Un risque limité mais pris très au sérieux

Les cas recensés à l’échelle mondiale restent peu nombreux. Une douzaine d’incidents ont été signalés, dont certains ont entraîné des débuts d’incendie dans le compartiment moteur. Le taux d’occurrence demeure très faible au regard du volume de véhicules en circulation. Néanmoins, dans l’industrie automobile, le risque incendie est considéré comme critique, même lorsqu’il est marginal.

Cette campagne de rappel illustre une tendance plus large. En Europe, les rappels liés à des risques thermiques ou électriques se multiplient, notamment avec l’essor des motorisations hybrides et électriques. Tous les constructeurs sont concernés, ce qui souligne la complexité croissante des architectures techniques actuelles.

Pour corriger le problème, Stellantis prévoit une intervention simple et rapide. Elle consiste à remplacer un élément de protection du système électrique et à vérifier les distances de sécurité entre les composants concernés. L’opération dure environ trente minutes et reste entièrement prise en charge pour les clients.

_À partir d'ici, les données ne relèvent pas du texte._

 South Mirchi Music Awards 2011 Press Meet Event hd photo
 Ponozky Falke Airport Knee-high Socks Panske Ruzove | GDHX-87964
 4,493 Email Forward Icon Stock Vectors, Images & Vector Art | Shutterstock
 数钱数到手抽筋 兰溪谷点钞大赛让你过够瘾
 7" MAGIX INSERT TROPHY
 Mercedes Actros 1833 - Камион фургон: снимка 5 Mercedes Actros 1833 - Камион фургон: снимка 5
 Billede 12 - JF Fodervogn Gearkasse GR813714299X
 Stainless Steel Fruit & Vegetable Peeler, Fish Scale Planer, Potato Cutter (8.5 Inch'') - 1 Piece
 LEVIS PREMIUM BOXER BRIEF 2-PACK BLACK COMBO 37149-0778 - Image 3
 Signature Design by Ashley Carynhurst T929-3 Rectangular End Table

Des centaines de milliers de véhicules concernés en France

Le rappel concerne des véhicules produits entre 2023 et 2026. Il touche plusieurs marques du groupe, dont Peugeot, Citroën, DS Automobiles, Opel, Fiat, Jeep, Alfa Romeo et Lancia. Cette large diffusion s’explique par la généralisation rapide de la technologie hybride 48 volts au sein de la gamme.

Parmi les modèles concernés figurent des citadines, des SUV compacts et des berlines. Des véhicules très populaires comme la Peugeot 208 ou la Citroën C4 sont inclus dans cette campagne. En revanche, certains modèles plus grands, notamment les SUV familiaux récents, ne sont pas impactés.

Au total, plus de 200.000 voitures doivent être inspectées en France. Une opération logistique d’envergure pour le constructeur, qui doit mobiliser l’ensemble de son réseau après-vente. Les propriétaires sont progressivement contactés afin d’éviter la saturation des ateliers.

Une stratégie de transparence face aux enjeux de fiabilité

Ce rappel intervient dans un contexte sensible pour Stellantis. Le groupe a été confronté ces dernières années à plusieurs critiques concernant la fiabilité de certains moteurs, notamment l’ancien 1.2 PureTech. Par ailleurs, comme d’autres constructeurs, il a également été concerné par des campagnes liées aux airbags Takata.

Dans ce cadre, la gestion de cette nouvelle opération est scrutée de près. Le constructeur semble adopter une approche plus transparente, en communiquant davantage sur les causes et les solutions techniques. Cette stratégie vise à restaurer la confiance des clients et à démontrer sa capacité à corriger rapidement les anomalies.

Pour les automobilistes, la démarche reste classique. Il est possible de vérifier si son véhicule est concerné via le numéro de série, disponible sur la carte grise. Des outils en ligne et les services clients des marques permettent également d’obtenir l’information.